• **What to work on**:
Below is a block of entries; repeat exactly the lines starting at the line that contains "Калъф за Google" and ending at the line that contains "Supertrwały lakier nawierzchniowy", both included.

• **Given data**:
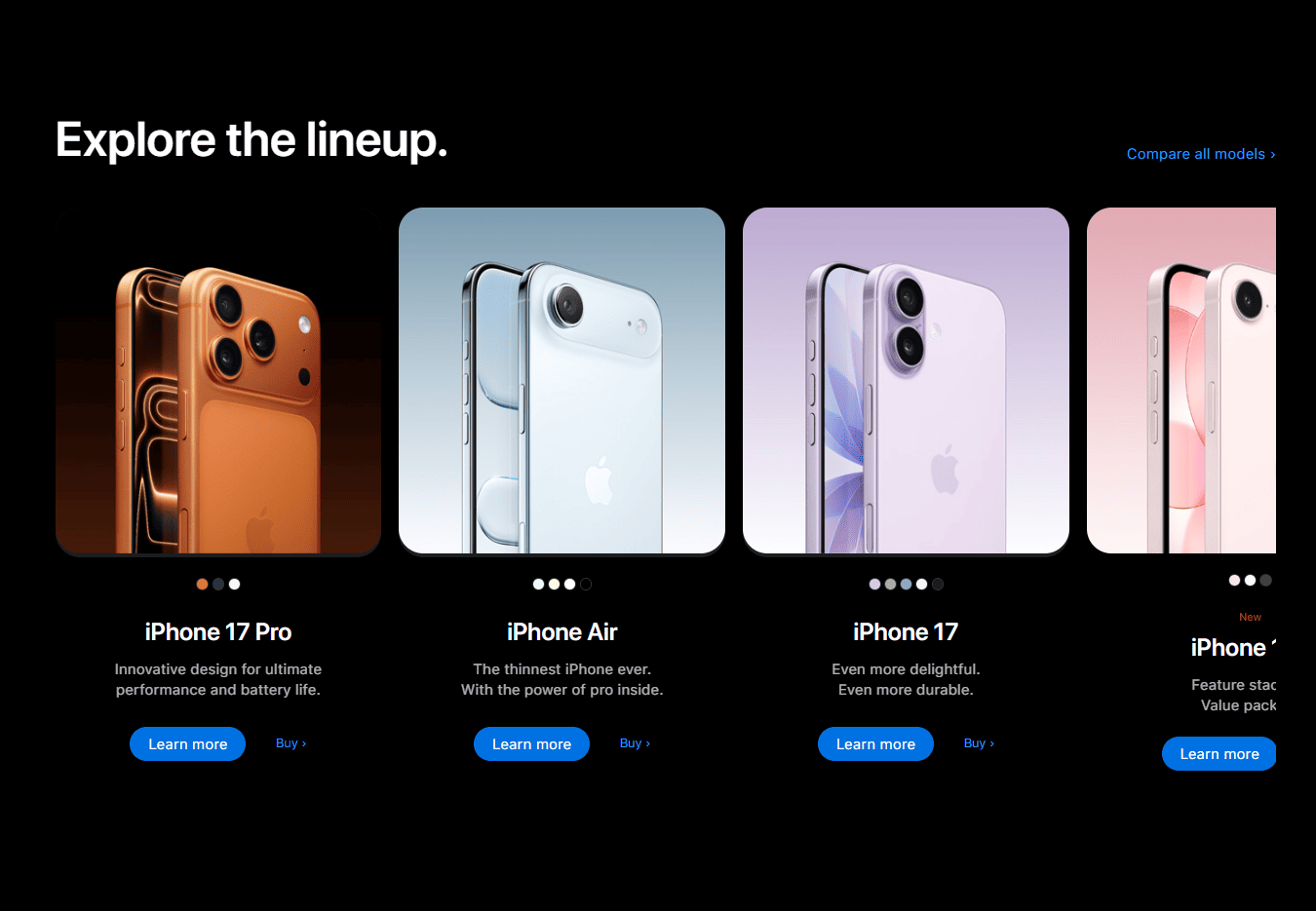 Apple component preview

---

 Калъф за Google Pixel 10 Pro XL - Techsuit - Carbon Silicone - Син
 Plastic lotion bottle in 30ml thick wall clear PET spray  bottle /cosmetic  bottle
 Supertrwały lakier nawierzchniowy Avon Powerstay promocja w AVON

• **Task answer**:
 Калъф за Google Pixel 10 Pro XL - Techsuit - Carbon Silicone - Син
 Plastic lotion bottle in 30ml thick wall clear PET spray  bottle /cosmetic  bottle
 Supertrwały lakier nawierzchniowy Avon Powerstay promocja w AVON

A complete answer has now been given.